- [WHAT TO WORK ON]
Look through the entries below for the line with "ResearchPRO media 3" and the line with "Maison secteur Maen Roch", then give again exactly those two lines and all lines between them, minus the pictures.

- [DATA EXTRACTS]
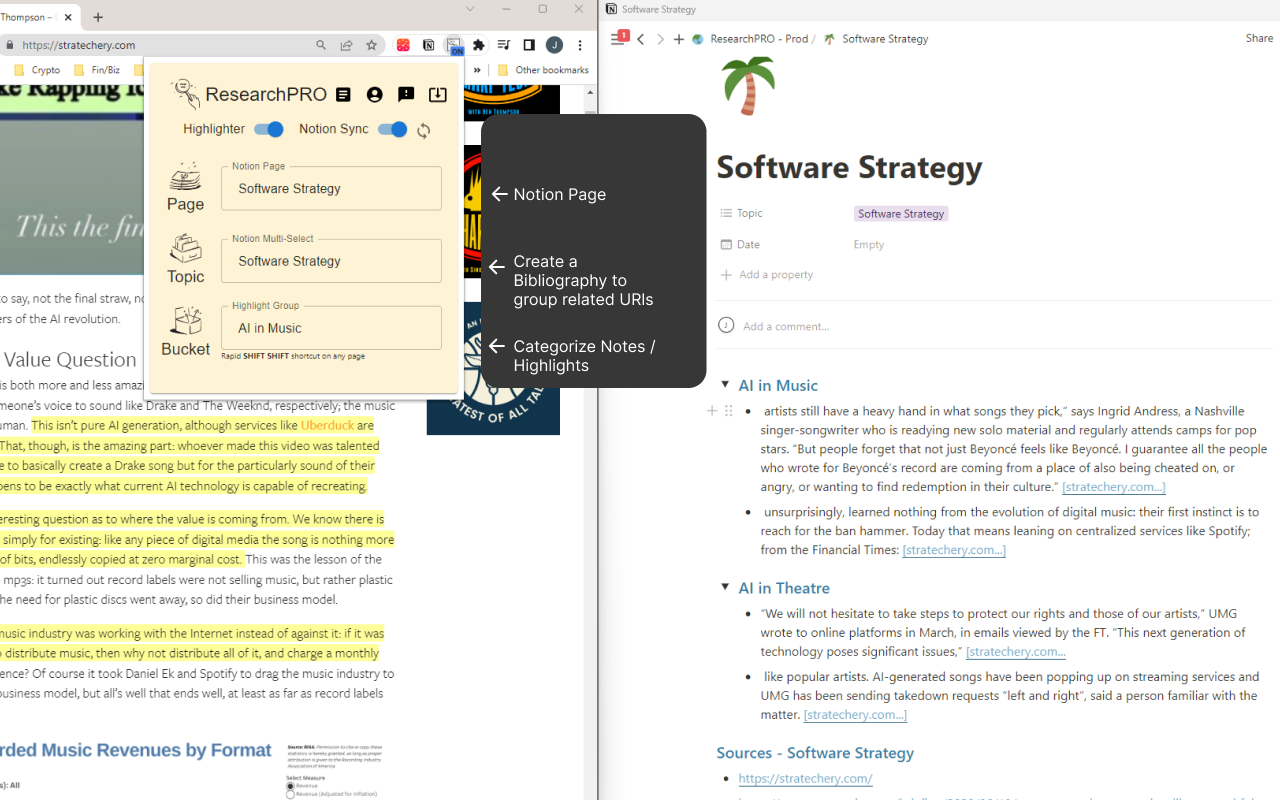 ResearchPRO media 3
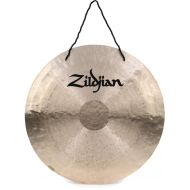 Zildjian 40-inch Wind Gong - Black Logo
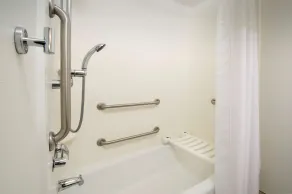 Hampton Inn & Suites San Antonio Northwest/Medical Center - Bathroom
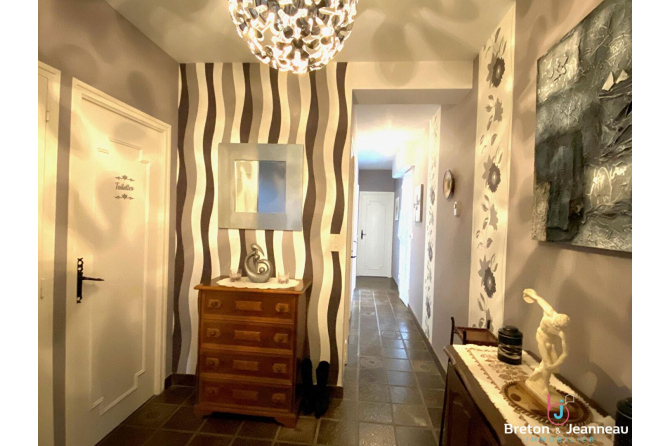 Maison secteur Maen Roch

--

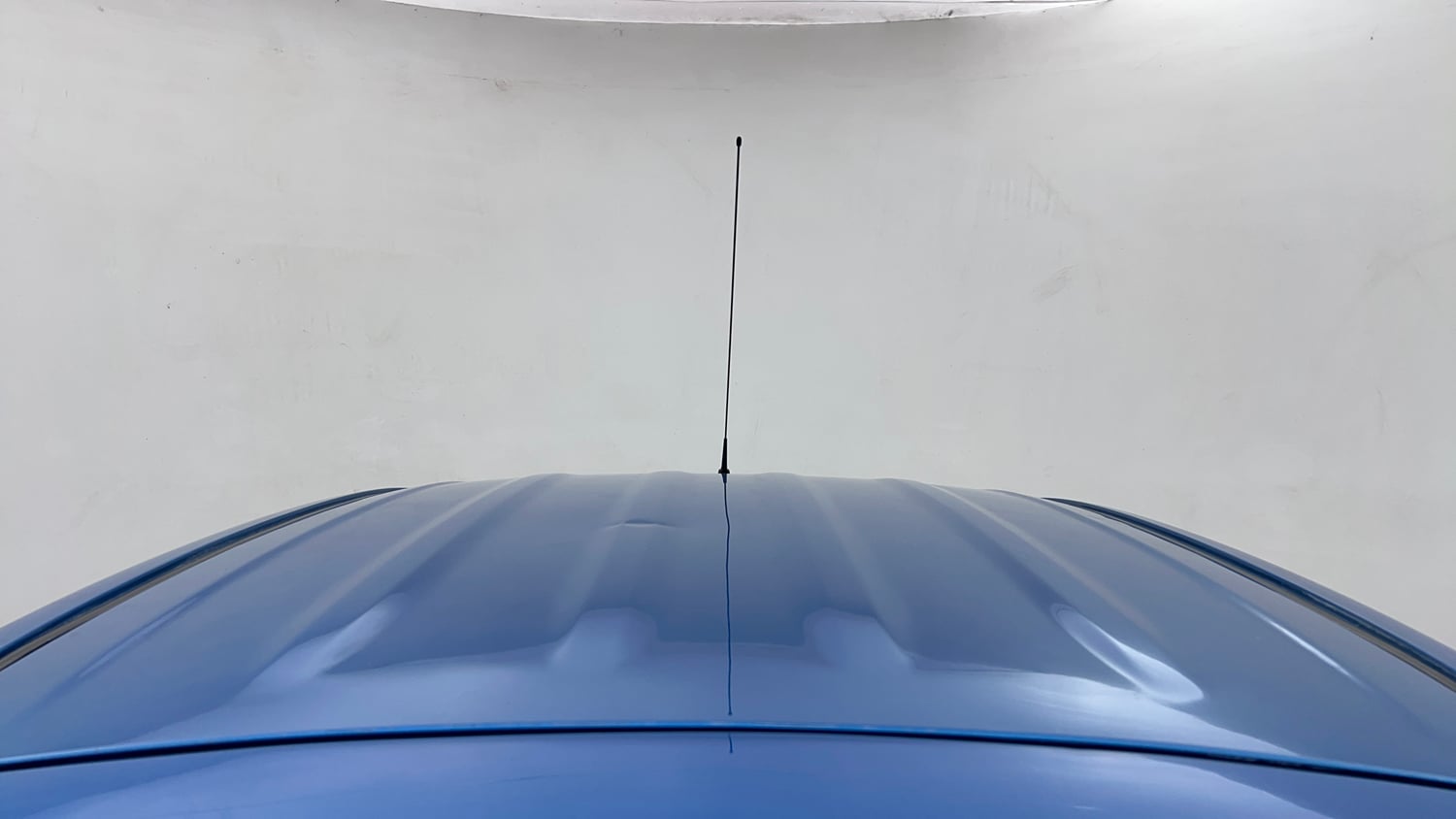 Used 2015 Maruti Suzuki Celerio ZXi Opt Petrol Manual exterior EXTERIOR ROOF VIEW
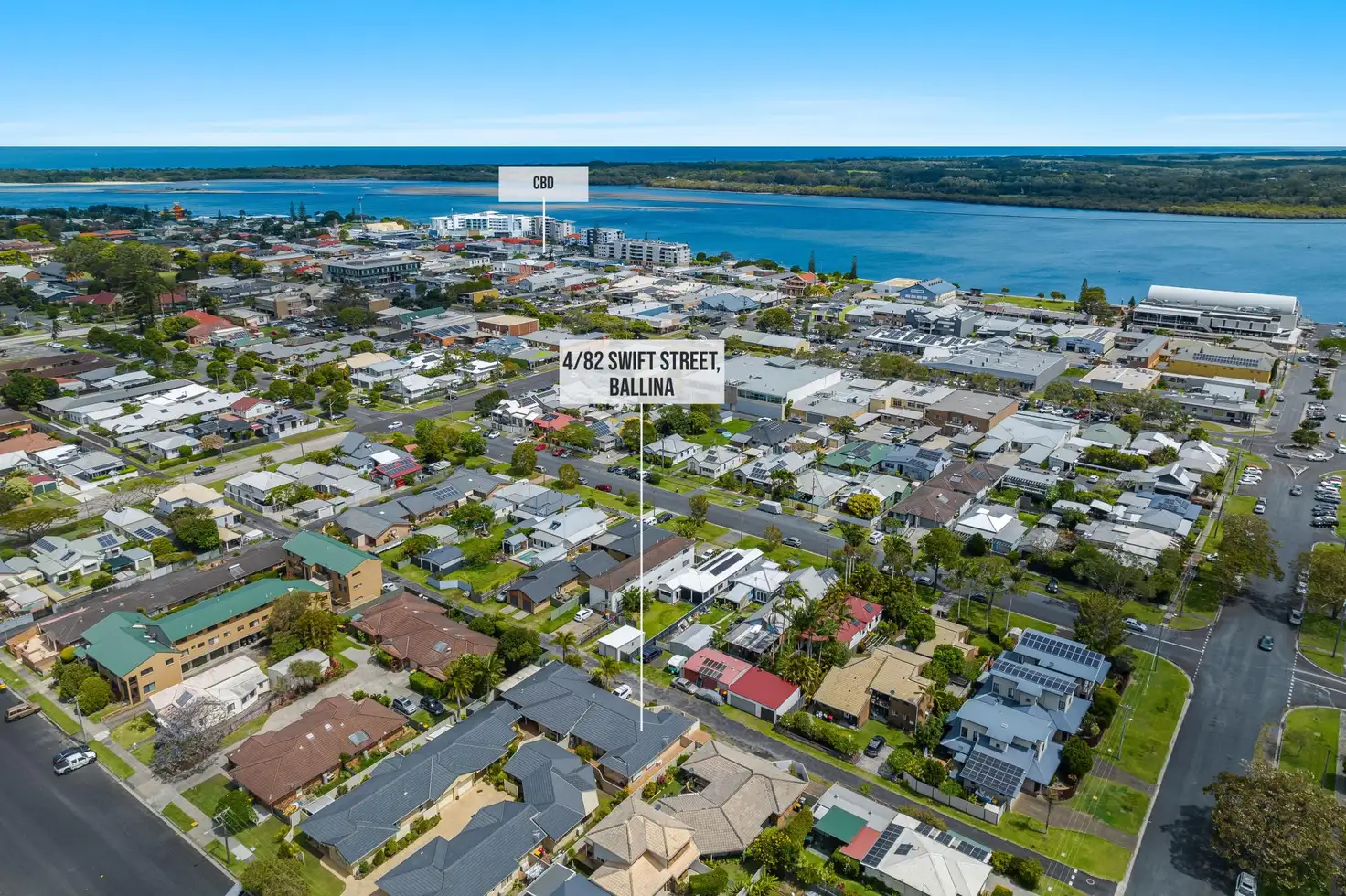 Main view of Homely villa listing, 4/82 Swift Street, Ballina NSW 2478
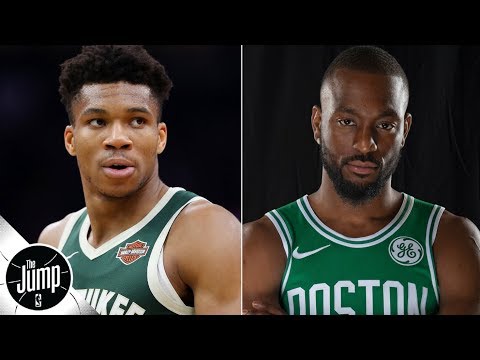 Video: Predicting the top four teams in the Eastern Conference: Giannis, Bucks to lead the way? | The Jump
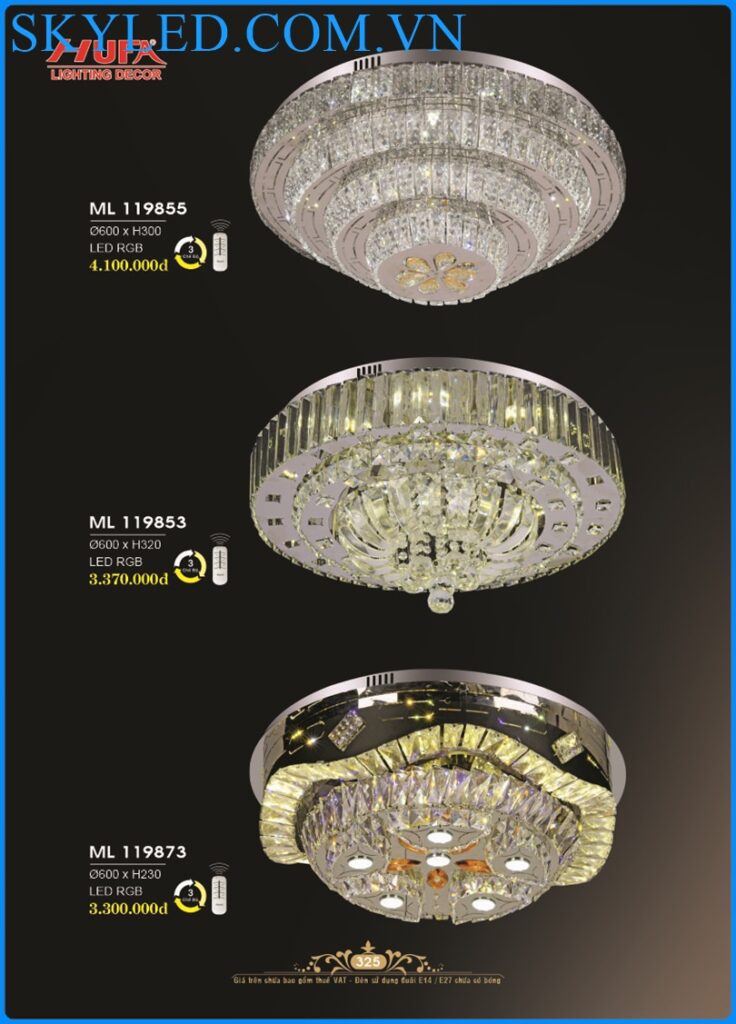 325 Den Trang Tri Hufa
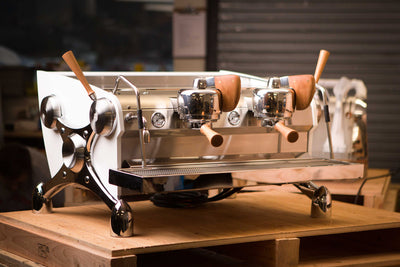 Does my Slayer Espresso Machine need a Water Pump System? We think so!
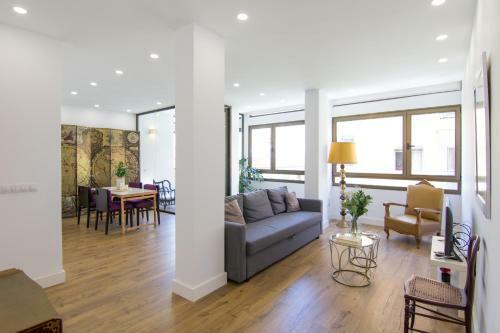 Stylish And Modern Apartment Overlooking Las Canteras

- [ANSWER TO THIS EXERCISE]
 ResearchPRO media 3
 Zildjian 40-inch Wind Gong - Black Logo
 Hampton Inn & Suites San Antonio Northwest/Medical Center - Bathroom
 Maison secteur Maen Roch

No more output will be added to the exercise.